Morton David Goldberg is a partner with Cowan, Liebowitz & Latman, a New York City firm that represents publishers, entertainment corporations and music consumers, and one of the nation's leading experts on intellectual properties. He says the Bono Act was approved to bring U.S. policy in line with European Union countries that honor copyrights for seventy years: "The only way the U.S. copyright owners would get the benefit of the additional twenty years in Europe is by having the additional twenty-year term in the U. S."
Koenigsberg says the laws have great benefits for the United States as a whole. "Copyrights are an export product," he says. "We get far more money from foreign countries for the use of American copyrights than we pay for the use of foreign copyrights here in the United States. We have a trade surplus in copyrights. That means money and jobs for the United States economy."

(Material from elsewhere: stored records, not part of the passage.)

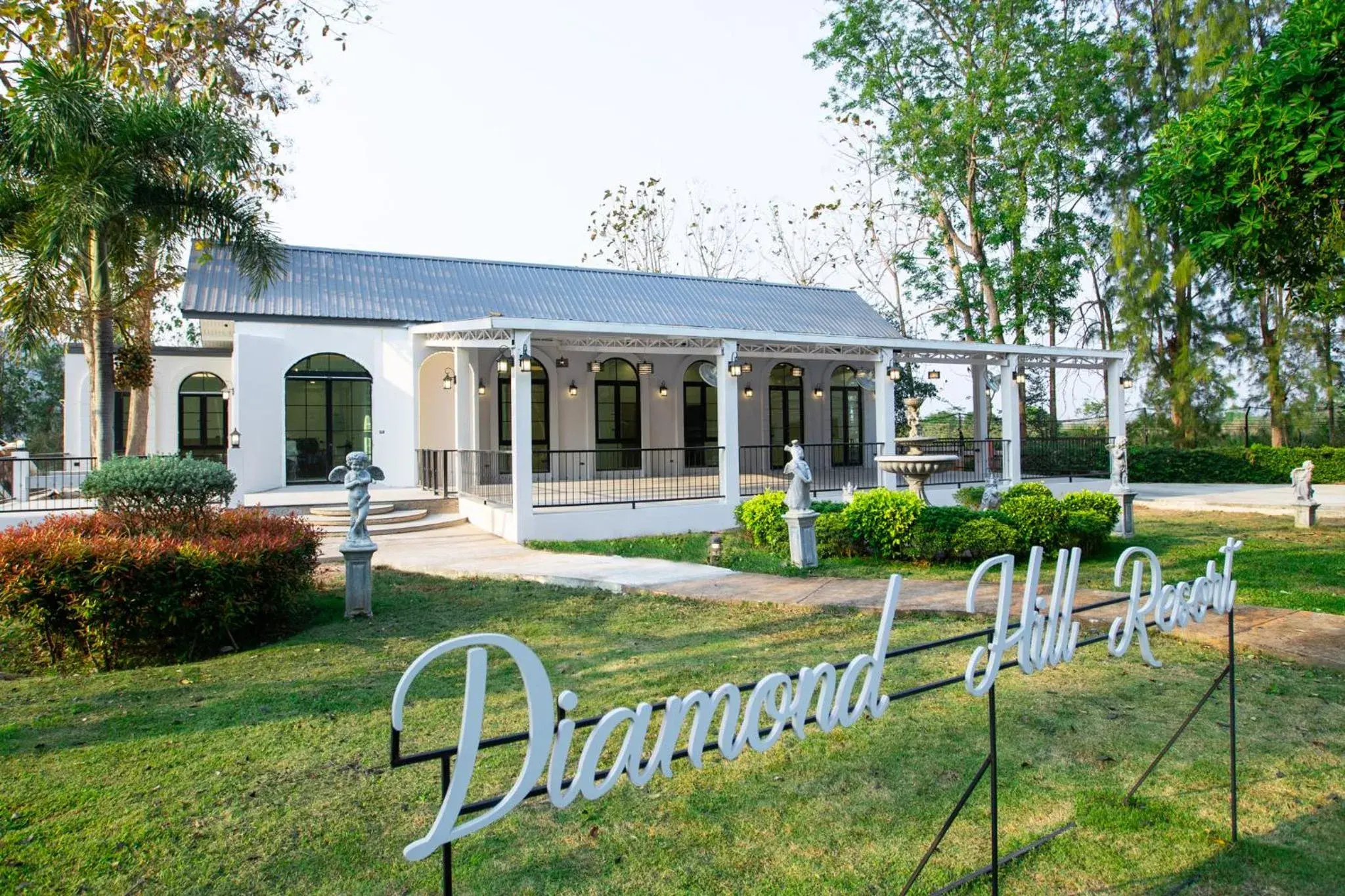 Lobby or reception in Diamond Hill Resort Lobby or reception in Diamond Hill Resort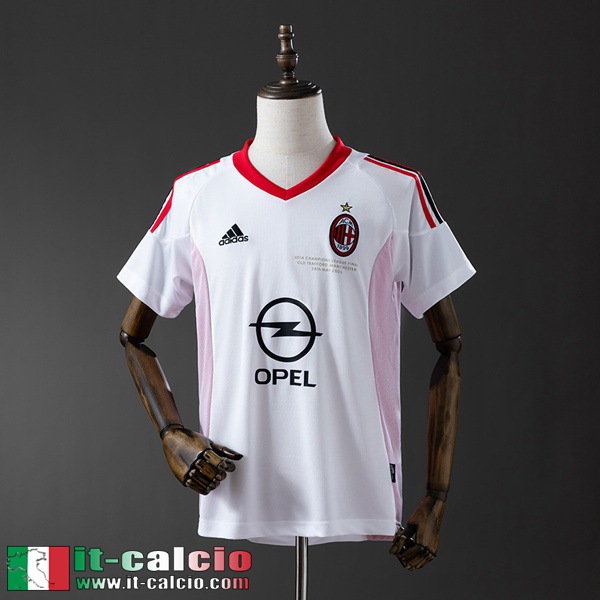 Retro Maglie Calcio AC Milan Seconda Uomo 02 03 FG910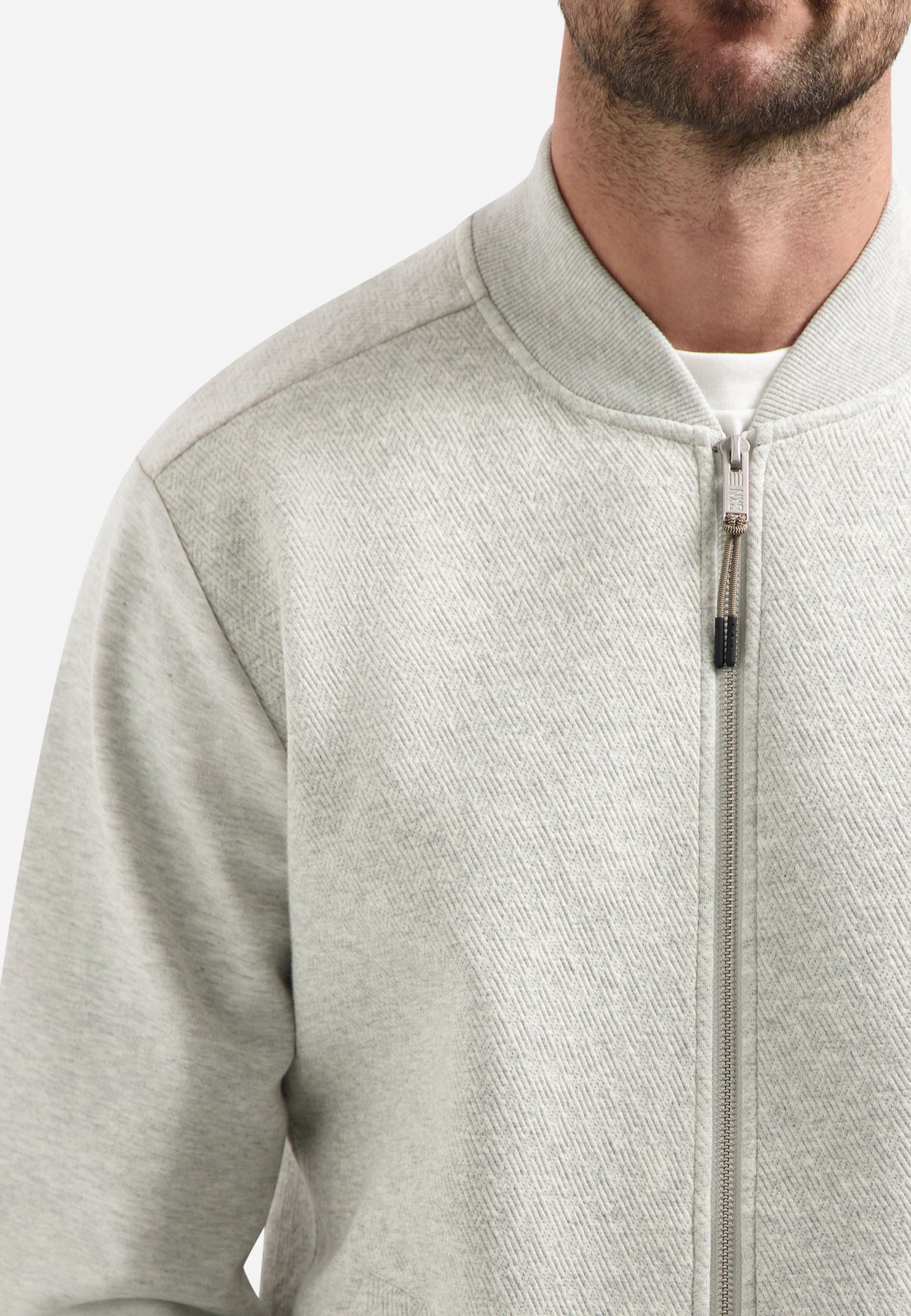 Melierter Strick-Cardigan | Kit Melange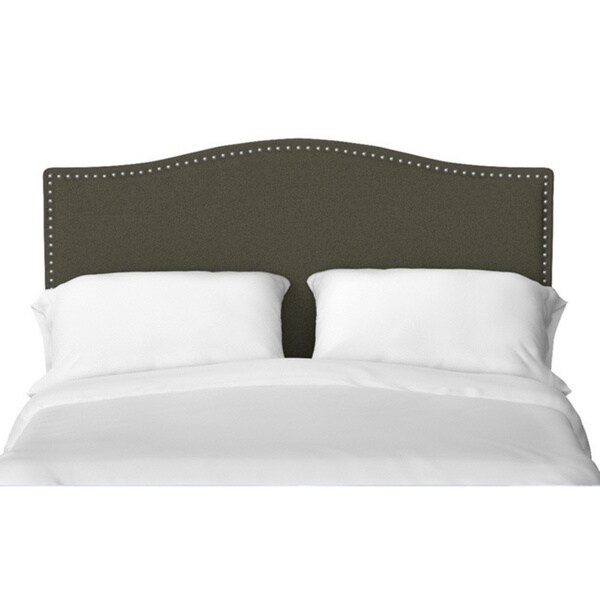 Copper Grove Lavandula King/ Cali King Upholstered Crescent-shaped Headboard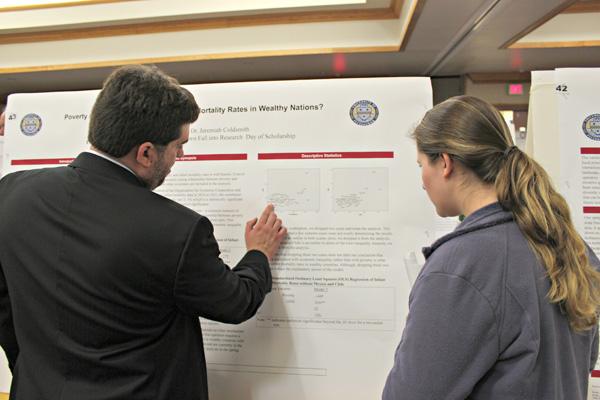 Fall into Research showcases success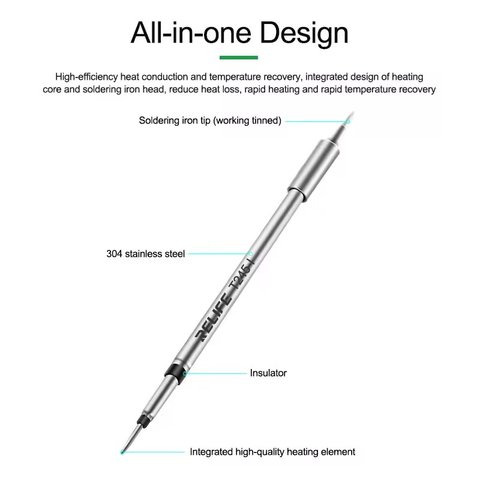 Punta para cautín RELIFE RL-T245-IS Vista previa  4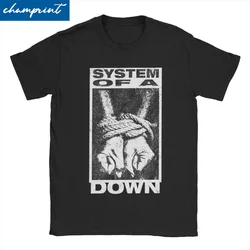 System Of A Down T-Shirts Men Women Hipster Heavy Metal Novelty Pure Cotton Tee Shirt Short Sleeve T Shirts Unique Clothes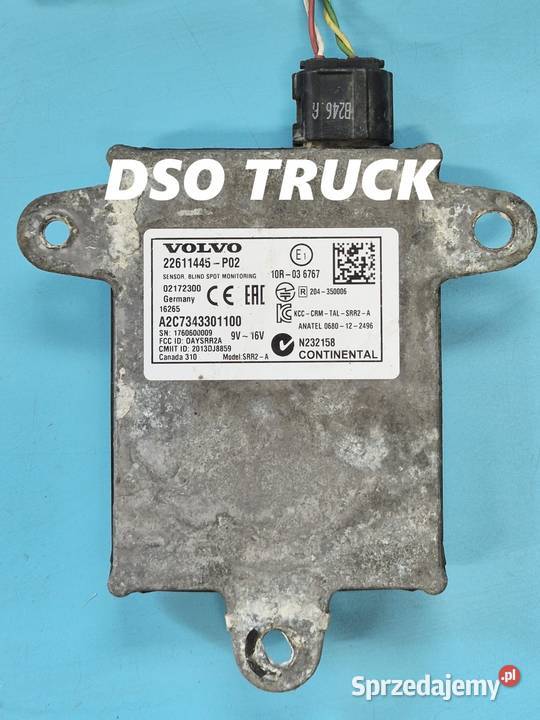 22611445P02 Radar Sensor Czujnik Odległościowy Zawichost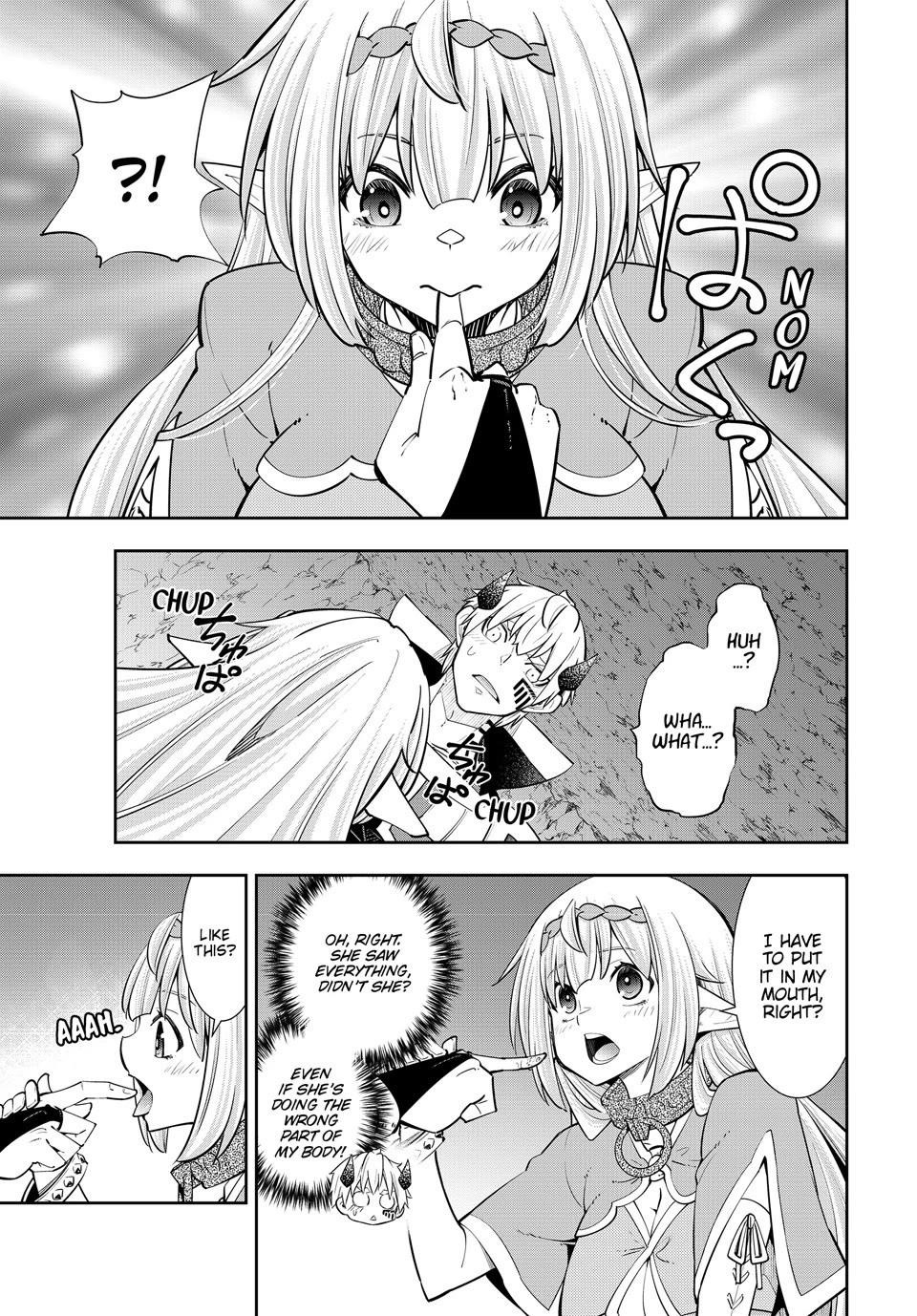 Isekai Maou To Shoukan Shoujo Dorei Majutsu Chapter 129 - Page 9 in English
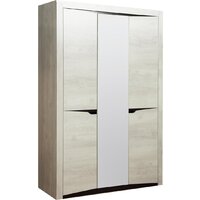 Олмеко Лючия 33.02 (бетон пайн белый/венге/белый)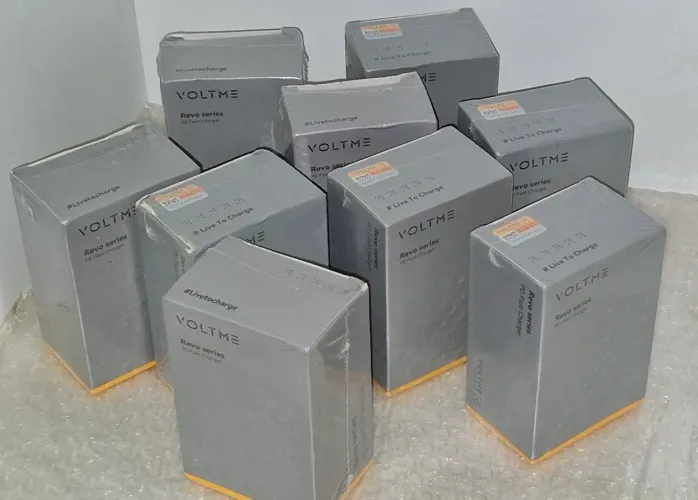 9 Carregadores PD 20W Voltme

But according to Stanford's Lee, Congress's decision to extend copyrights for twenty years was the result of pressure from both foreign and domestic parties, including Capitol Hill lobbyists. On an international level, U.S negotiators were willing to give up access to works in the public domain in order to gain other benefits for America. "If you want to bargain with another country," Lee says, "you're going to be trading little chits." Stateside, "you get powerful copyright holders that lobby Congress at key moments when their copyrighted works might fall into public domain." The Bono Act, he points out, has been dubbed the "Mickey Mouse Protection Act" by its opponents. "The first movie with Mickey Mouse was to fall into the public domain had the extension not been enacted." (Works for hire, as Mickey Mouse was for Disney, already receive the protection of an extra 25 years.)
Representatives at two of the nation's largest music publishers declined to comment on Golan's pending federal case -- which is expected to be reviewed by the court this summer -- as did a spokesman for the U.S. Office of the Attorney General. In a brief filed in response to the complaint, U.S. attorneys claim that Congress has the right to extend copyrights to works whose protection is due to expire, and that it has done so several times in the nation's history. (The most recent extension was in 1978.) Regarding the URAA, government attorneys believe that powers granted to Congress through international treaty practices allow them to place public-domain work back under copyright protection. "Plaintiff's suit should be dismissed," reads the brief, "because so long as the Constitution delegates to Congress the power to pass a statute, and the statute does not trample on other parts of the Constitution, that statute is acceptable."
In the meantime, Golan and his allies want the rest of the nation to know about the cost of these laws that they say "are preventing the majority of the audiences of the world from hearing all this great music."
"It's like saying people can't go see a Monet or a Picasso because you're charging people a thousand dollars to see it," Golan says. A composer himself, he's also not worried about the impact lost royalties might have on his peers. "Creative inspiration comes from somewhere else, and if you happen to get paid for it, great."
"The focus of the case," Lee says, "is to voice the public's right to works in the public domain. Some of these acts were enacted with very little, if any, voice expressed by the public to see how the public's being harmed. We have to think about what kind of society we want in terms of how freely information can flow."
"We want to have variety," CSO's Betancourt says. "If we have to rent 'Peter and the Wolf,' that will be a very big issue. The cost would be almost impossible. Only big orchestras will be able to afford it; it will fade away. And it's a staple of music education all over the world."
"As a conductor, one of my primary missions is audience development, to help revive an art that one can argue is graying these days," Golan says. "Anything that hinders that has to be fought."